The Whitney Biennial. Photo: Courtesy of the Whitney Museum of Art

Update, 3/23/2017, 10:44 a.m.: Stephen Soba, director of communications at the Whitney, has written to say that the email circulating that claims to be from Dana Schutz is not from the artist. We’ll update as new information comes in.

At the opening of the 2017 Whitney Biennial on Friday, a small protest gathered in front of a painting by white, American-born artist Dana Schutz that depicted the open casket funeral of 14-year-old Emmett Till, a boy who had been lynched in Mississippi in 1955 after being falsely accused of flirting with a white woman.

Shortly after the protest, where dissenters blocked the painting from view all day, over 25 black artists signed an open letter to the Whitney’s curators and staff written by artist Hannah Black, asking that the painting be removed from the Biennial for its co-opting of black pain and suffering for “profit and fun.” Black also asked that the painting be “destroyed and not entered into any market or museum.”

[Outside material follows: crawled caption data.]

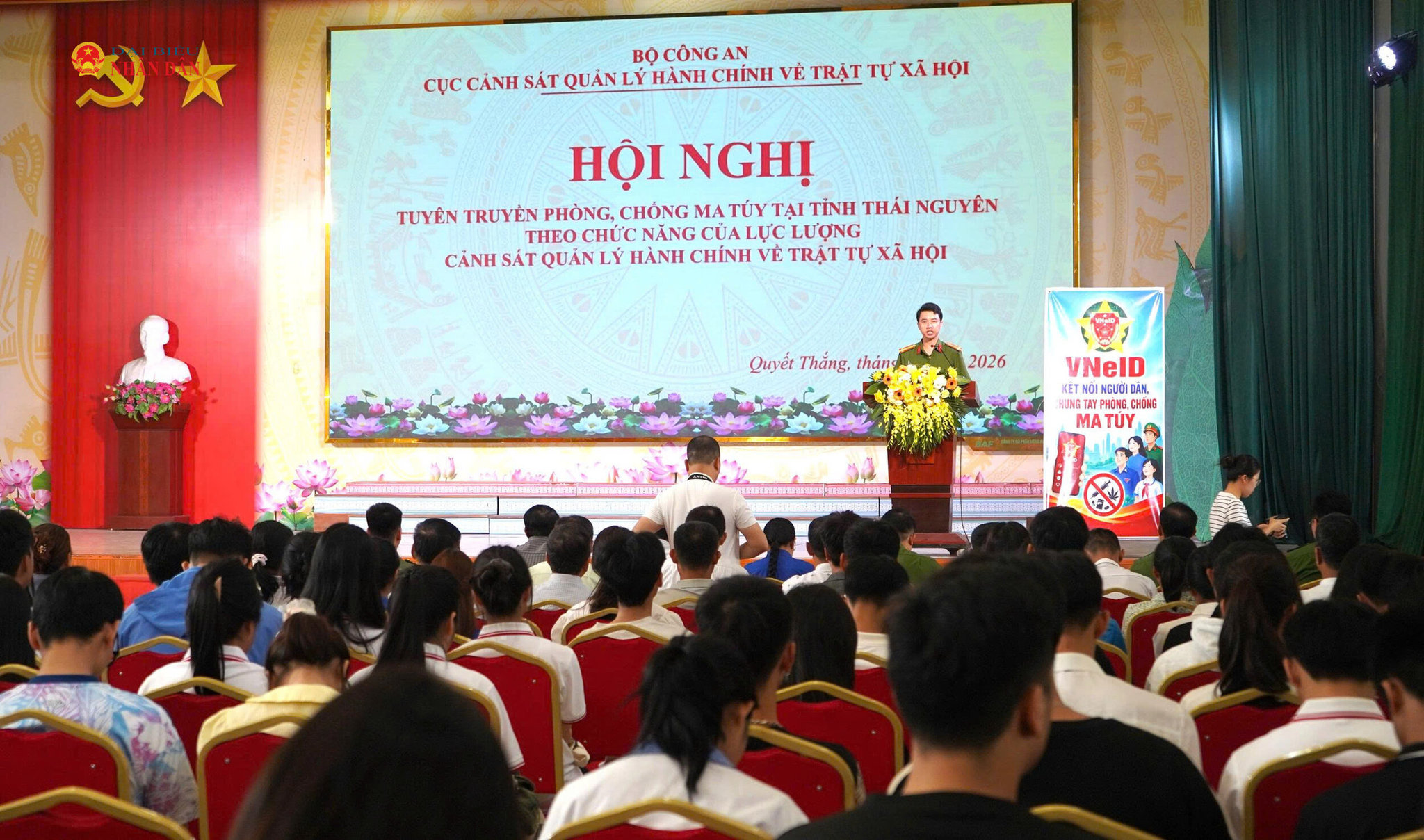 Học sinh, sinh viên, thanh, thiếu niên là nhóm đối tượng dễ bị tác động nên công tác tuyên truyền đã được triển khai từ khi các em còn ngồi trên ghế nhà trường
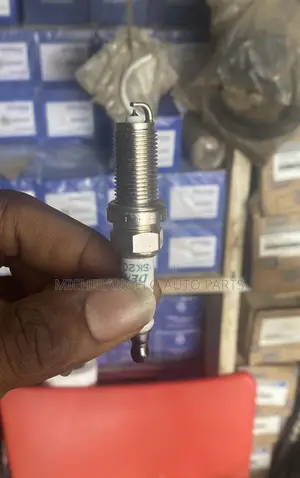 Spark Plugs Toyota Vitz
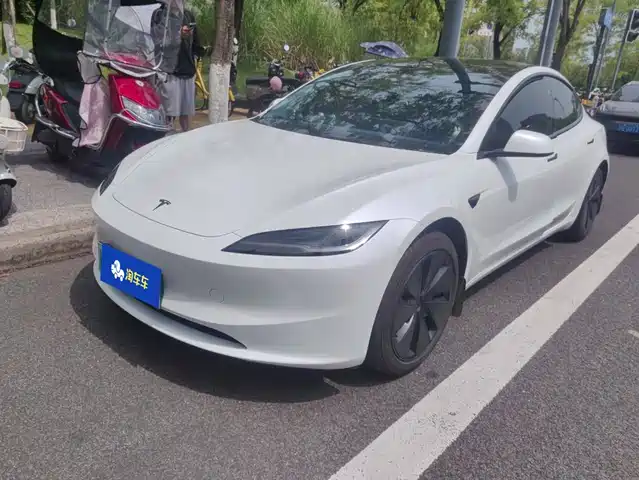 Tesla Model 3 2025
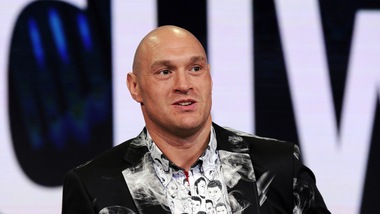 Un ferito Fury batte Wallin ai punti. Ora sfida mondiale con Wilder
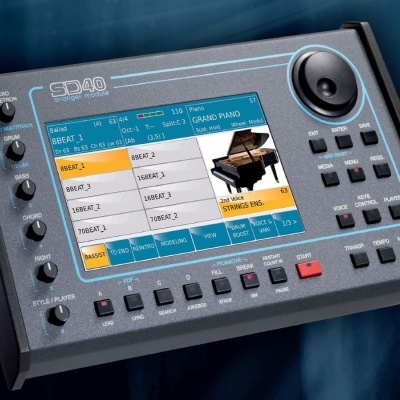 Sintetizador ou sampler preto com ecrã a cores e botões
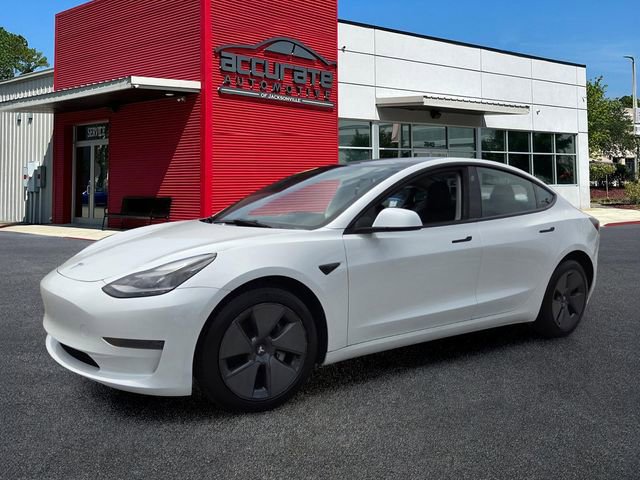 Used 2023 Tesla Model 3 Standard Range image 1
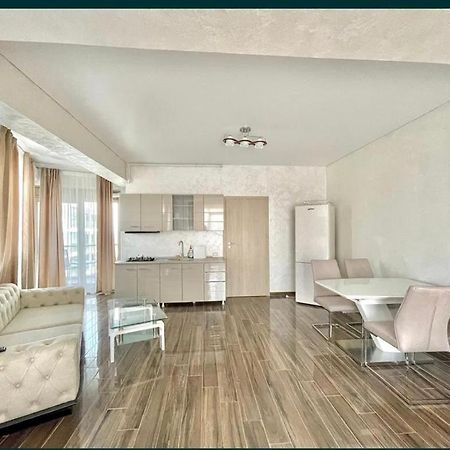 Apartament De Inchiriat Premium Twin Residence , ママイア エクステリア 写真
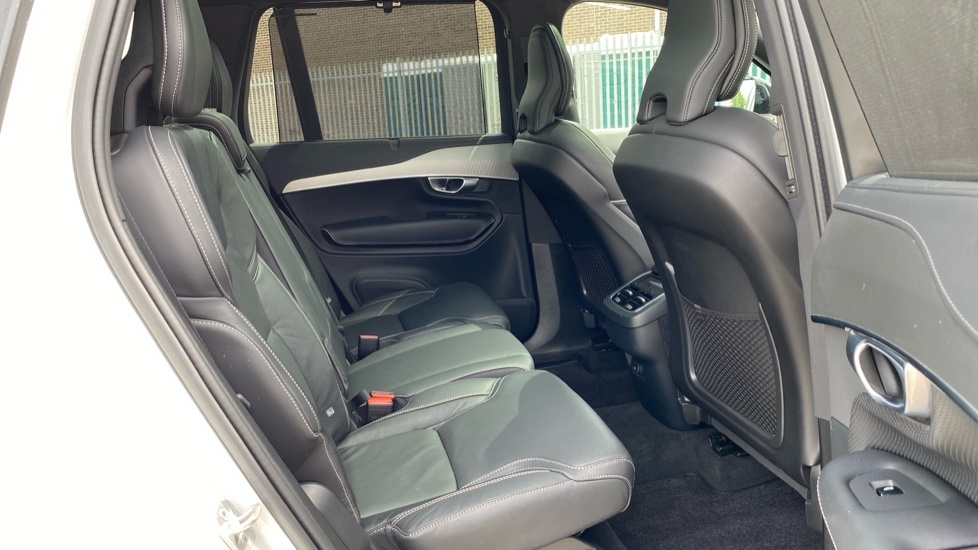 Volvo XC90 Plus White #6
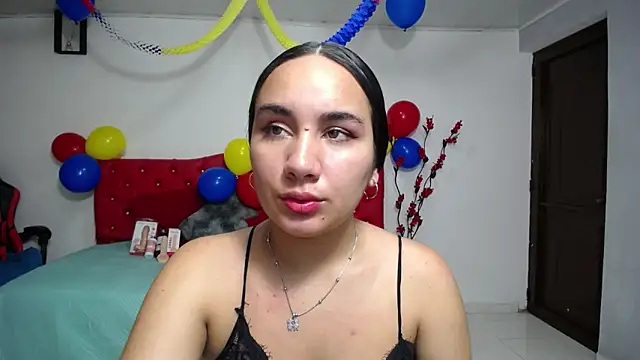 Snapshot of Maylin_horny19 chatting on 06/19/26, 03:11 Maylin horny19 online show from 06/19/26, 03:11
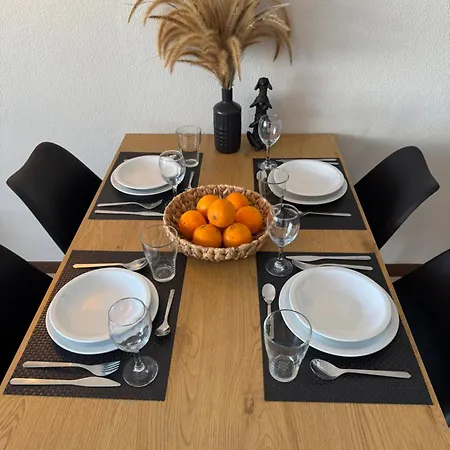 Cozy Sea View With Balcony & Access Apartment Albufeira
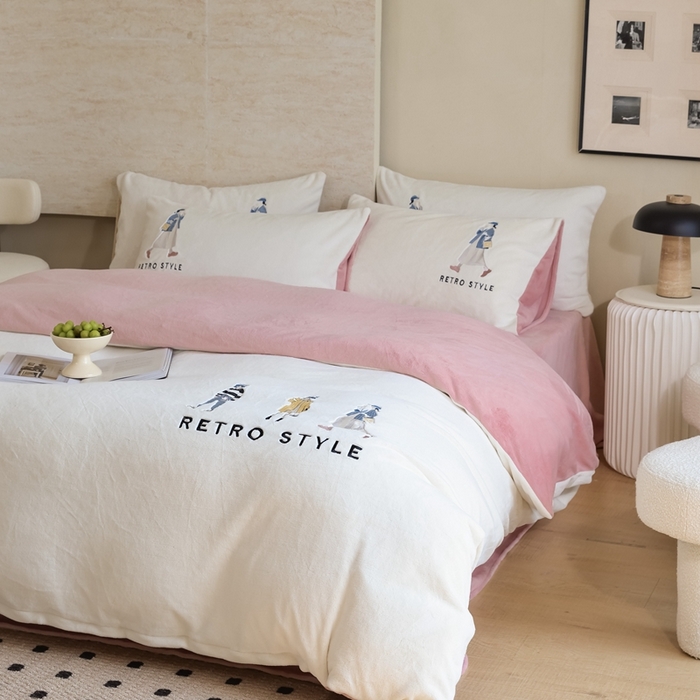 91家纺网 家纺一手货源 找家纺 121【牛奶绒刺绣四件套】2025新款毛毯被子四件套单件床单被套床笠珊瑚绒牛奶绒冬被法兰绒兔毛绒刺绣男孩-Boy系列场景二 baby-橘粉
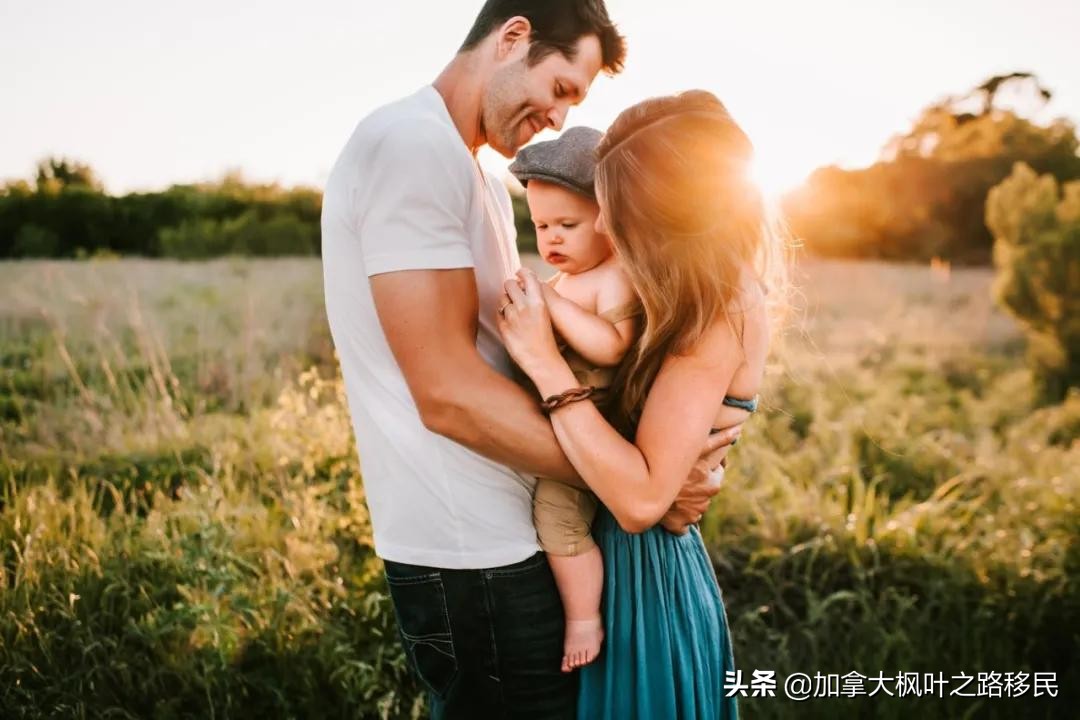 加拿大父母团聚移居新政,加拿大父母与子女团聚移居新政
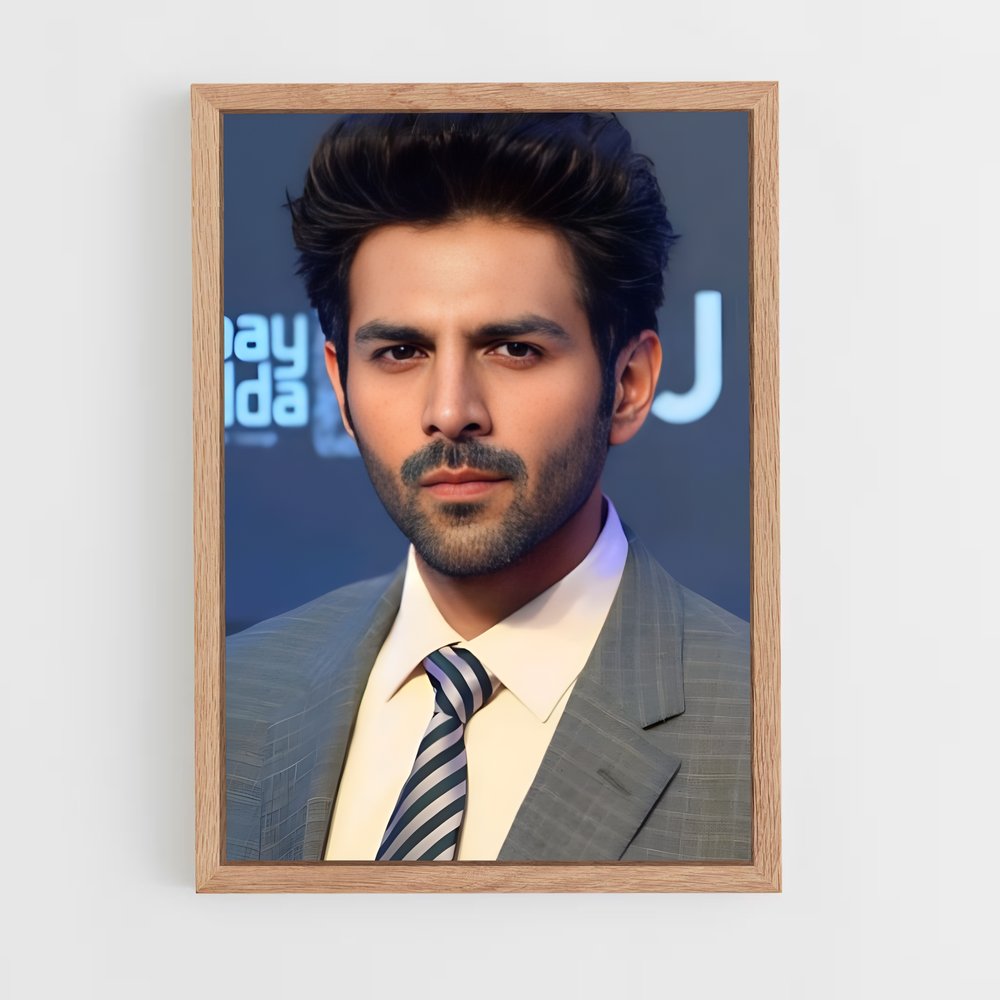 ap-kartik aaryan-8 cadre Bois clair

Schutz and the Biennial’s curators, Christopher Y. Lew and Mia Locks, defended the painting’s presence in the museum. Schutz wrote on Tuesday that she was driven to make the work because of her empathy for Emmett Till’s mother, Mamie Till. Lew and Locks wrote, “By exhibiting the painting we wanted to acknowledge the importance of this extremely consequential and solemn image in American and African-American history and the history of race relations in this country.”

On Thursday morning, however, a person claiming to be Schutz emailed a statement to the Cut and other publications who had covered the news of the protest, saying that she had reconsidered her position, and is now also asking that the painting, titled Open Casket, be taken down. The Whitney Museum has since said of the letter that Schutz “did not write it and did not know anything about it.”

Here is the letter that was penned to Lew and Locks, in full:

Dear Mia and Christopher,

I am writing to publicly request that my painting, “Open Casket,” be removed from this year’s Whitney Biennial. Though it was not at all my intention to cause harm, many artists have come forward to announce that my depiction of suffering is in turn causing them suffering. I cannot rightly protect a painting at the expense of human beings.

I understand that many have attempted to defend my work in the interest of free speech, and with calls against censorship. However, the artists and writers generously critiquing “Open Casket” have made plain to me that I have benefited from the very systems of racism I aimed to critique, in a way that blinded me to what my re-presenting this image would mean to Black audiences. Particularly because, with my stamp of authorship, “Open Casket” could enter into the market and, in turn, commodify the very suffering I wished to explore. And while I agree with your curatorial statement that art can be an appropriate venue for political expression and debate, I do not agree with your implication that Black pain—what you refer to as “tremendous emotional resonance”—is a social good to be sought after through art. At least, not within a historically white-run institution, at the hands of a white artist, in an exhibit organized by a predominantly non-Black staff.

Indeed, I wanted to critique anti-Black violence and explore the real empathy I found between myself and the mother of Emmett Till, but I have learned that my re-presentation of violence against her son has proven to demonstrate its opposite: appealing to the universal truth of motherhood goes against what I have learned about the denial of motherhood, and of humanity itself, on the basis of race. I recognize that the calls for the painting’s removal have been made not as an imputation of my person or my career but of this artistic choice, this work, and the system that supports, even celebrates, such a gesture. Donna Haraway credits getting “called to account” by Black feminist thinkers for her most famous text (itself a call for sensitivity, a willingness to be wrong and a commitment to anti-racist coalition building). I want to model a willingness to learn from my mistakes, and honesty about accounting for them.

People who have been harmed by and are at risk of continued harm by systems of racist violence are in a much better position to know what is needed for restitution for that violence. If the removal of my painting has been called for by Black artists, writers, and activists, I can no longer protect an object at their expense. The painting must go.

I now join them in calling for the immediate removal of “Open Casket.” I have already promised the work will never be for sale, and I will also promise to make it impossible for the work to re-enter the public sphere. I also plan to redirect all funds from the sales of my other paintings included in the Biennial towards the Black liberation movement.

Finally, out of continued respect for those harmed by the work, I ask that the catalog and the press in the future and retroactively remove all images of the work from circulation, and replace it with images of the work’s subsequent protest.